I believe a common effect of using tags in del.icio.us, Flickr, etc
is how we approach our data. Nitin points out that the Web 2.0 needs
Data 2.0 (and elaborates interestingly on this at his blog), but in
my view, this is merely a response to the overwhelming masses of data
that we're _actively_ engaging with these days.
We've had lots of data – digital photos, videos, documents, etc – for
many years but these would generally be put on a CD and stored like
any other physical item we have: in a simple, seldom-used system.

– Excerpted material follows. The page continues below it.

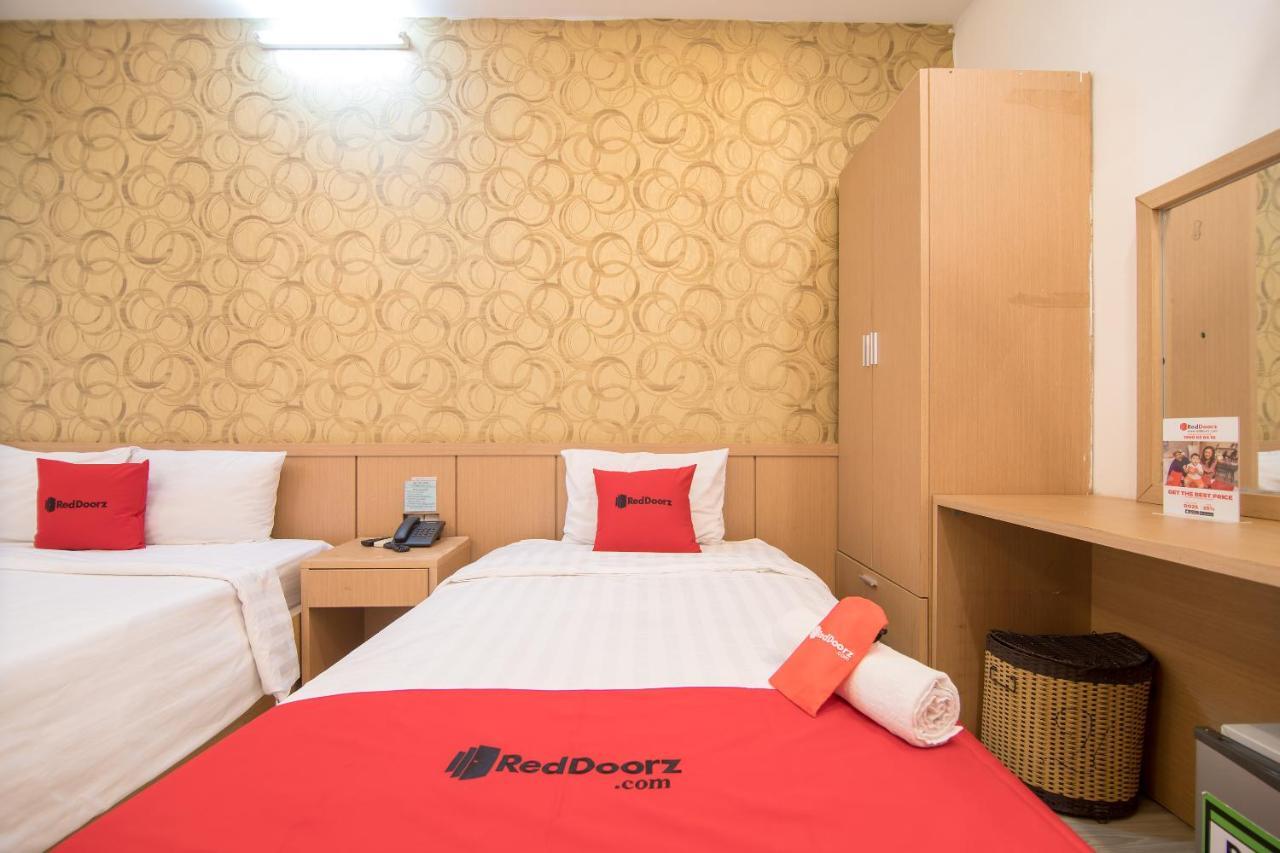 Hotel Reddoorz @ Pham Ngu Lao Street 3 Thành Pho Ho Chí Minh Esterno foto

What del.icio.us and its brethren are introducing us to is a more
active mode of "ownership". You don't just bookmark (and never find
it again), you consider whether it's good enough to keep, title,
describe and tag it.
And hopefully you do something clever with it later on. I've become
much more active with my photos after beginning to use Flickr, and
now I want to tag and comment my photos locally and upload the ones
worth sharing with ease. Also, it's made me more critical of the
content I produce – I now want to take better photos, create more
interesting sets, collate similar items and engage more actively with
the data instead of just throwing it into a drawer. What can I do
with it? What can I learn from it?
When it comes to files I'm trying out all sorts of tagging,
automation and GTD-type mechanisms, using spotlight comments to tag
my files and constructing automator plug-ins to add multiple tags
quickly. And yes, I'd like a globally available tagger that lets me
append or search _everything_ based on tags, cluster these by time,
groups, type, relevance, etc.
But I'd also like to mark a text snippet with a tag, preferably
without extracting it from its context. I might come across an
interesting quote or piece of information that I'd like to check out
sometime later. If I could mark the text and tag it – just that text
– and also retain stuff like "belongs to [book title], [author],
[category] , etc" it would be readily available whenever I need it
without losing its context, which might tell me other things I need
to know.
I think we're on to a new practice of information handling. We can
easily imagine a modern Memex that stores all our tags, easily
creates clusters of information and media items that we can sift
through with ease en route to what we're looking for, from whatever
device and whatever place.
So the big thing about del.icio.us and its brethren isn't the tagging
or the sharing but the realization that we can organize our digital
stuff far better, and that it's gotten us into the habit of doing so
– regularly. We've crossed a threshold and started a paradigmatic
shift, and now we want the tools to make everything else work this way.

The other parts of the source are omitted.